The emerging technology of culturing meat offers potential for mitigating sustainability challenges associated with conventional meat production. Despite its promise, past research highlights general consumer aversion to cultivated meat, underscoring the need for theory-based interventions to promote its acceptance. This study aims to identify specific motivators and barriers to regular cultivated meat consumption.

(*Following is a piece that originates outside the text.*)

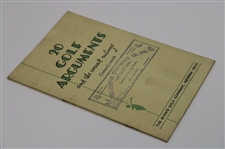 Undated '20 Golf Arguments and The Correct Rulings' Booklet by The Burke Golf Company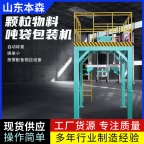 聚酯切片吨包机塑料材料专用打包设备可定制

Design/methodology/approach

We extended the theory of planned behaviour (TPB) with underlying beliefs and psychographic factors and used structural equation modelling to analyse data from a representative sample of the Singaporean population (n = 748).

Findings

Perceived behavioural control, family opinions, product availability and health perceptions are key factors in promoting regular consumption of cultivated meat. Additionally, participants with higher nature-relatedness displayed more positive perceptions toward cultivated meat, whereas those with higher health consciousness expressed greater uncertainty.

Practical implications

Making cultivated meat more accessible through proper regulations remains crucial. We recommend future interventions focus on family-oriented dining settings and dishes for sharing to encourage cultivated meat consumption, alongside educational campaigns to increase awareness of its benefits.

Originality/value

This research provides theory-based insights using the TPB to understand consumer intention to regularly consume cultivated meat, which has not been previously studied. The study offers unique insights into consumer perspectives in a context where cultivated meat is approved for sale and consumption, providing evidence-based guidance for practitioners developing interventions to promote sustainable protein consumption.